======== Data provided

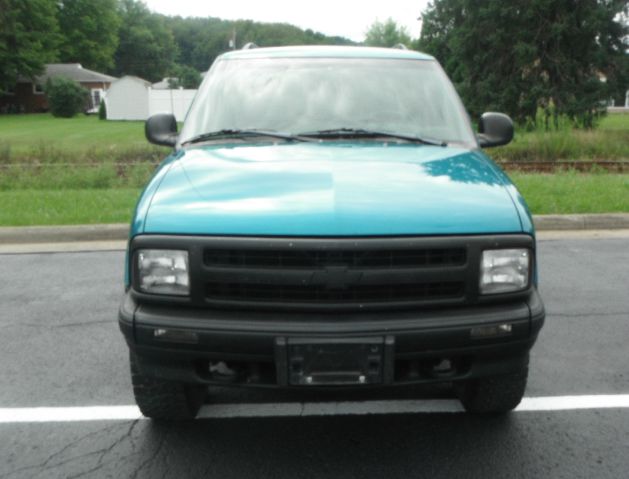 Chevrolet Blazer 1996 photo 2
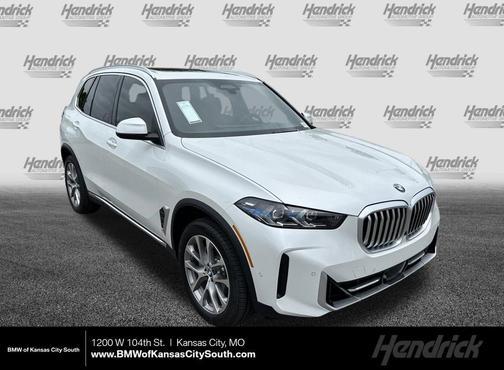 Mineral White Metallic 2026 BMW X5 xDrive40i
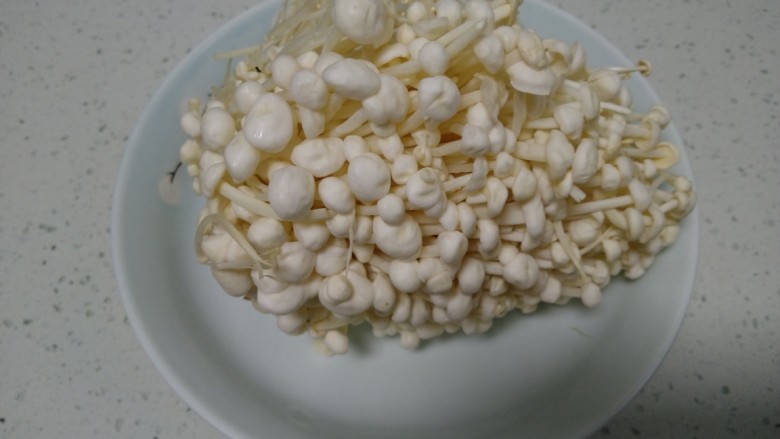 烤金针菇,<a style='color:red;display:inline-block;' href='/shicai/ 234'>金针菇</a>去根。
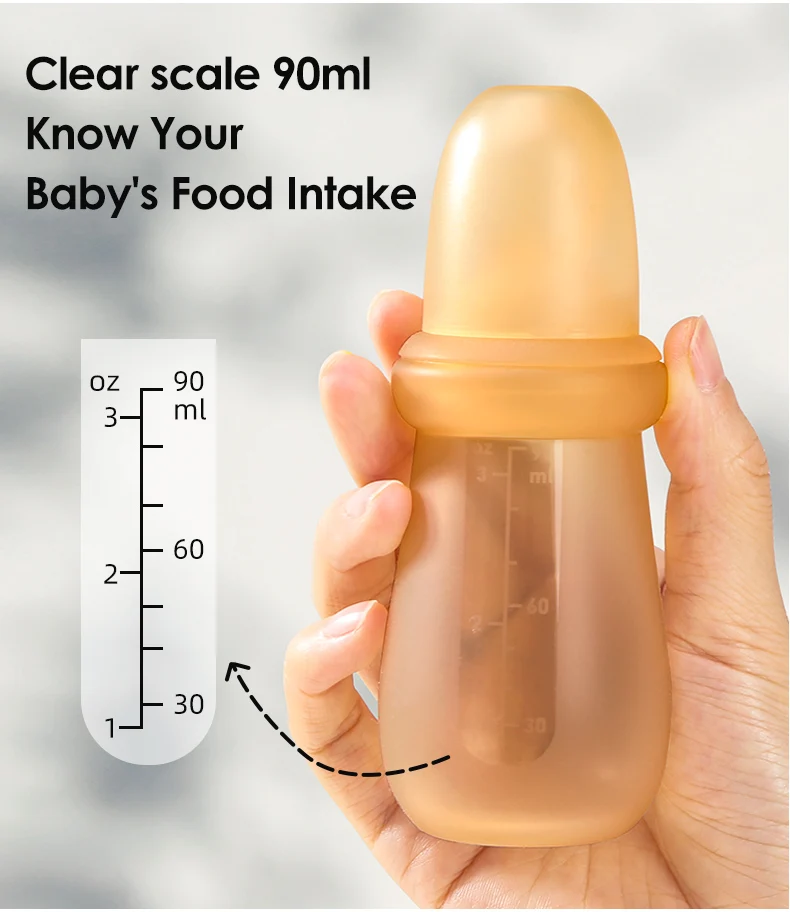 Custom 2 in 1 Newborn Gift Set Squeeze Juice Rice Paste Food Dispensing Silicone Kid Feeding Spoon Baby Bottle With Spoon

================

* _Description of the task_
The full listing, reproduced exactly and without pictures, is the expected output.

* _Result below_
 Chevrolet Blazer 1996 photo 2
 Mineral White Metallic 2026 BMW X5 xDrive40i
 烤金针菇,<a style='color:red;display:inline-block;' href='/shicai/ 234'>金针菇</a>去根。
 Custom 2 in 1 Newborn Gift Set Squeeze Juice Rice Paste Food Dispensing Silicone Kid Feeding Spoon Baby Bottle With Spoon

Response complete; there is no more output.